### Brief
Within the material below, transcribe exactly the lines from the one holding "Used 2021 Hyundai Venue image 5" through the one holding "Einfamilienhaus Duisburg Hamborn", keeping both ends and skipping the rest.

### Data provided
★ ★ ★ ★ ★
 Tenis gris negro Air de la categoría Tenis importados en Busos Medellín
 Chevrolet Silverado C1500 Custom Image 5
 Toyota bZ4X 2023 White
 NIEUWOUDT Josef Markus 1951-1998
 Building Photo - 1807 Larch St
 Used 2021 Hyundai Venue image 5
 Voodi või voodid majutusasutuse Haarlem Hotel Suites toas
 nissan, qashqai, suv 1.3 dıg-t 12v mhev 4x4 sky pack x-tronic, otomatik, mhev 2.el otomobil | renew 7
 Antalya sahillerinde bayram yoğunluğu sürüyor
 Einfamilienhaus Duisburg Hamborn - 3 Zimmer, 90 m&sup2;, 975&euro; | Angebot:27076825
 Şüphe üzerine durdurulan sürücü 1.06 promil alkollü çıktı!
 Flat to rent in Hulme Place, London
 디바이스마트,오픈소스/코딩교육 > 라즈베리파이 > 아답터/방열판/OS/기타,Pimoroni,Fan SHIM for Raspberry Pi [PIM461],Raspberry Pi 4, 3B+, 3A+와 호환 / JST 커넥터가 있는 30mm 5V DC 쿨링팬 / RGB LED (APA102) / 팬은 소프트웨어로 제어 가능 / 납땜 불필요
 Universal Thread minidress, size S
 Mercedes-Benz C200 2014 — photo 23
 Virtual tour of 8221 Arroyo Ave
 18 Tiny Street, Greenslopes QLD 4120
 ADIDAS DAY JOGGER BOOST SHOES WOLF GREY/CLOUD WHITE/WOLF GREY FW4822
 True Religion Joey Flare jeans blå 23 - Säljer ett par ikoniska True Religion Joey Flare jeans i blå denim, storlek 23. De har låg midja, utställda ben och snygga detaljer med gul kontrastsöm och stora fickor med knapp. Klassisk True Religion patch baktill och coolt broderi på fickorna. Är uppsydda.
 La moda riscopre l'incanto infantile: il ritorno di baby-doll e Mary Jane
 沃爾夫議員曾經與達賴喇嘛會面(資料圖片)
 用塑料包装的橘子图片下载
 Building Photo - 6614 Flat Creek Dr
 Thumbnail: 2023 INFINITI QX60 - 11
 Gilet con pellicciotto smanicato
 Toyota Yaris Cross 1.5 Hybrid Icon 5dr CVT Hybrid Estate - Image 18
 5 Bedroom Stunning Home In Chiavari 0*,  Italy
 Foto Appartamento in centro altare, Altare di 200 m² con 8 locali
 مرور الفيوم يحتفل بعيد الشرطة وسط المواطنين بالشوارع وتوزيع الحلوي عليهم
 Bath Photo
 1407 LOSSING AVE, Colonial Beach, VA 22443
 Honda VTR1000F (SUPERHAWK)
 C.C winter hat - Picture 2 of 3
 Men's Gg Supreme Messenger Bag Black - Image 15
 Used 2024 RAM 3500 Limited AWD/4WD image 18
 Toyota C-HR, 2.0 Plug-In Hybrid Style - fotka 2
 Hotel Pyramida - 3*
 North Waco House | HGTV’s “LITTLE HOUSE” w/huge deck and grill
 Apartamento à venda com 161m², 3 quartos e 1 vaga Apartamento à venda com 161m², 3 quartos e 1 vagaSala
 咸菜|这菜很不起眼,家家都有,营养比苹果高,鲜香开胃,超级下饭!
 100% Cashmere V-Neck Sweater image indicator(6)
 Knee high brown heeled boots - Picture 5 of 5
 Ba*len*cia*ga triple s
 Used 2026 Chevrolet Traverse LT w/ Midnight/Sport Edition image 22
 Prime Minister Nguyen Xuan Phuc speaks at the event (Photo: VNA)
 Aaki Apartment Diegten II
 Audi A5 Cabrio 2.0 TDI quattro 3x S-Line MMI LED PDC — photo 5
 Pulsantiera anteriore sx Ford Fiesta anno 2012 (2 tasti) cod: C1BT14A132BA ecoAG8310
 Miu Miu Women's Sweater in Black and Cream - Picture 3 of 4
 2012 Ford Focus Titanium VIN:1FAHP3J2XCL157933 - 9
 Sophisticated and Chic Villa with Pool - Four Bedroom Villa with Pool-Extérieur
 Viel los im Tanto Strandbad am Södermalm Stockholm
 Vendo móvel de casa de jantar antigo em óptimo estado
★ ★ ★ ★ ★
### Completed task
 Used 2021 Hyundai Venue image 5
 Voodi või voodid majutusasutuse Haarlem Hotel Suites toas
 nissan, qashqai, suv 1.3 dıg-t 12v mhev 4x4 sky pack x-tronic, otomatik, mhev 2.el otomobil | renew 7
 Antalya sahillerinde bayram yoğunluğu sürüyor
 Einfamilienhaus Duisburg Hamborn - 3 Zimmer, 90 m&sup2;, 975&euro; | Angebot:27076825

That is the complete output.